Please print the full listing below exactly, but not the pictures in it.

*SUPPLIED MATERIAL*

::::::::::

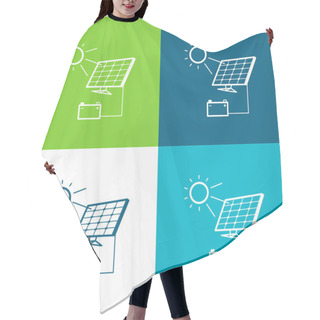 Personality  Battery Charging With Solar Panel Flat Four Color Minimal Icon Set Hair Cutting Cape
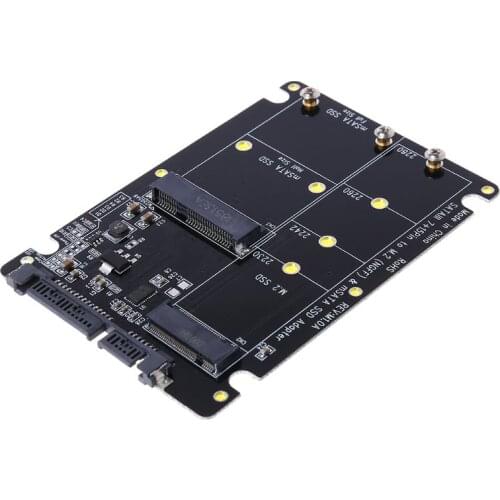 2 In 1 NGFF M.2 B+M Key Mini PCI-E or mSATA SSD to SATA III Adapter Card for Full Msata SSD/ 2230/2242/2260/22x80 M2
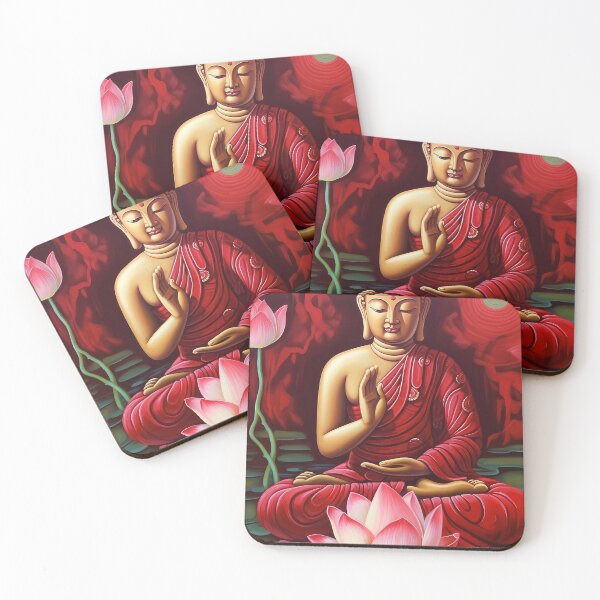Item preview, red Geometric Buddha designed and sold by bharuarts.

::::::::::

*EXERCISE ANSWER*
 Personality  Battery Charging With Solar Panel Flat Four Color Minimal Icon Set Hair Cutting Cape
 2 In 1 NGFF M.2 B+M Key Mini PCI-E or mSATA SSD to SATA III Adapter Card for Full Msata SSD/ 2230/2242/2260/22x80 M2
Item preview, red Geometric Buddha designed and sold by bharuarts.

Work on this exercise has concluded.